Asia: Heightened political uncertainty clouds the outlook - SocGen
Klaus Baader, Research Analyst at Societe Generale, suggests that the political uncertainty as an impediment to economic growth has become a widely accepted tenet.
Key Quotes
“If indeed true, this could spell trouble for the economic outlook in Asia, where political uncertainty and tensions have increased and are set to increase further in many countries across the region. Moreover, in addition to the country-specific uncertainties, a potentially radical shift in US foreign policy following the US election has added a whole new dimension to this uncertainty. That said, the degree to which growth is undermined is clearly variable and depends, critically, on many factors.”
Does it really matter?
“Political tensions are part of everyday life in the vast majority of countries, so their influence is easily overstated. However, political uncertainty can have adverse effects on an economy, and would typically negatively influence long-term spending decisions, such as business investment, but also spending decisions of households — for example with regard to property investment.”
“More importantly for emerging economies, foreign direct investment is especially sensitive to perceptions of political and legal stability. Hence, economies which rely more heavily on such inflows are more at risk. Tourism is another area where perceptions of political stability and personal security play an important role, and heightened political unrest, let alone armed conflict, can lead to substantial reductions in tourism revenue.”
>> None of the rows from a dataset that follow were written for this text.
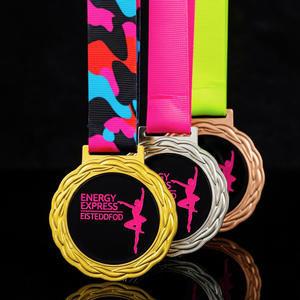 Ensemble <span class=keywords><strong>de</strong></span> médailles <span class=keywords><strong>de</strong></span> gymnastique Aurora Or, Argent, Bronze avec <span class=keywords><strong>sangle</strong></span> étoilée et design ajouré - Product Image 4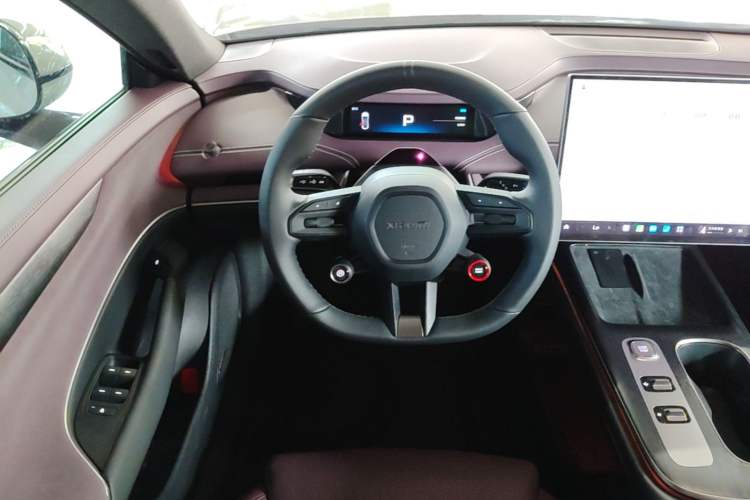 Used Xiaomi Auto SU7 2024 Rear-Drive Long-Range Intelligent Driving Version Steering Wheel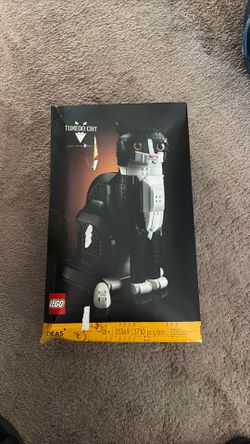 Lego Tuxedo Cat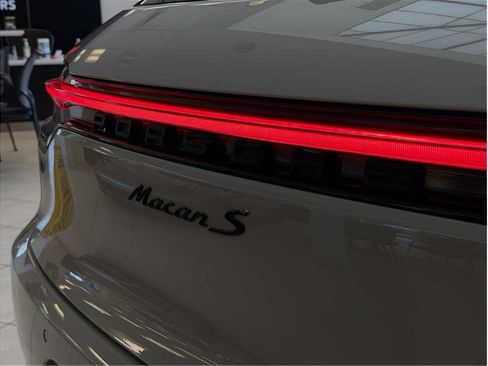 Used 2021 Porsche Macan S image 35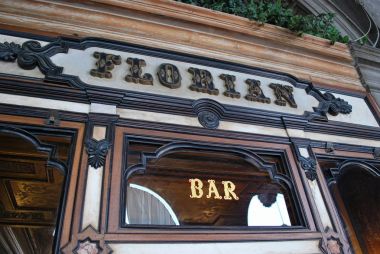 Venedik, Veneto / İtalya - 3 Temmuz 2010: Ünlü Florian Kafe 'nin dışı.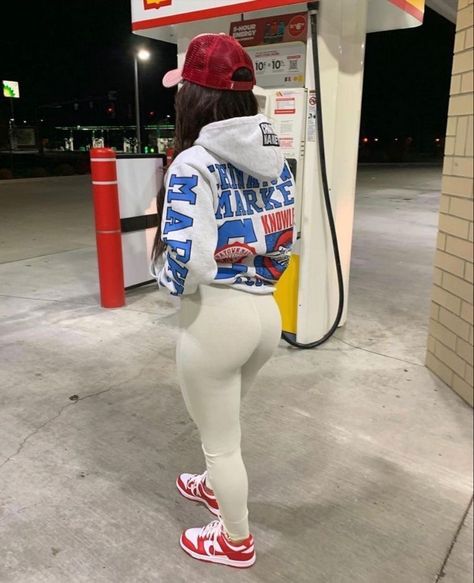 Mode Zara, Gas Pump, Chill Fits, Swag Outfits For Girls, Tomboy Style Outfits, Chill Outfits, Looks Street Style, Cute Swag Outfits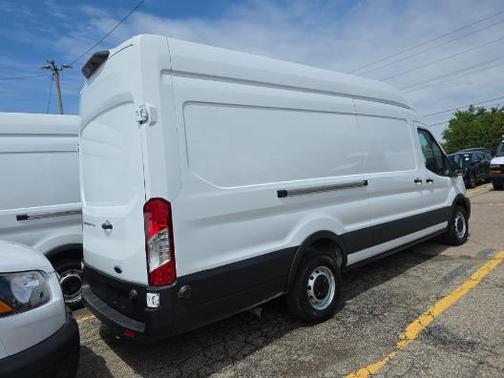 Oxford White 2024 Ford Transit-250 Base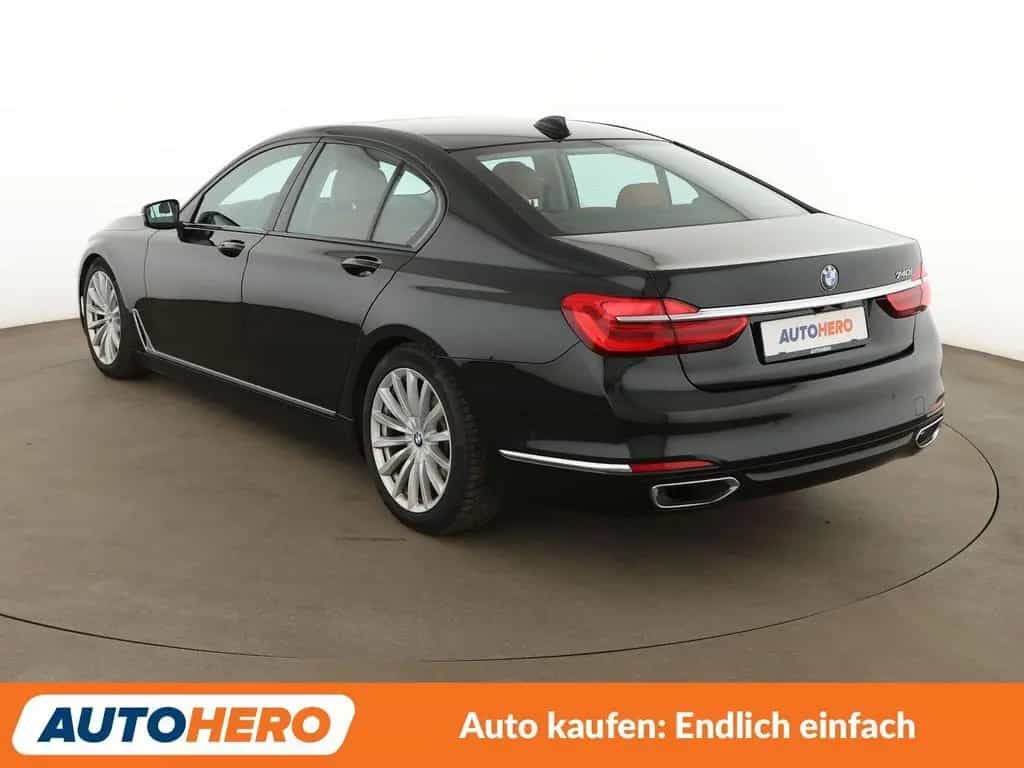 BMW 7 Series 740i  Aut.*LASER*HEAD-UP*360CAM*NAVI*ACC*MASSAGE 02/2018-photo-2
“Portfolio flows are arguably less sensitive to political tension, but they are not immune. To what extent this matters depends on the importance of foreign capital in domestic capital markets. In Asia, participation in local currency bond markets by foreign capital is especially high in Indonesia (39%) and Malaysia (35%), putting these economies more at risk in case of adverse political shocks. As regards foreign participation in equity markets, Taiwan and Malaysia show high vulnerability (at 37% and 31%, respectively) but in Korea nearly one- quarter of the stock market is in foreign hands. Of course, high foreign participation in local capital markets also implies greater vulnerability of the currency although the amount of foreign exchange reserves can provide a buffer.”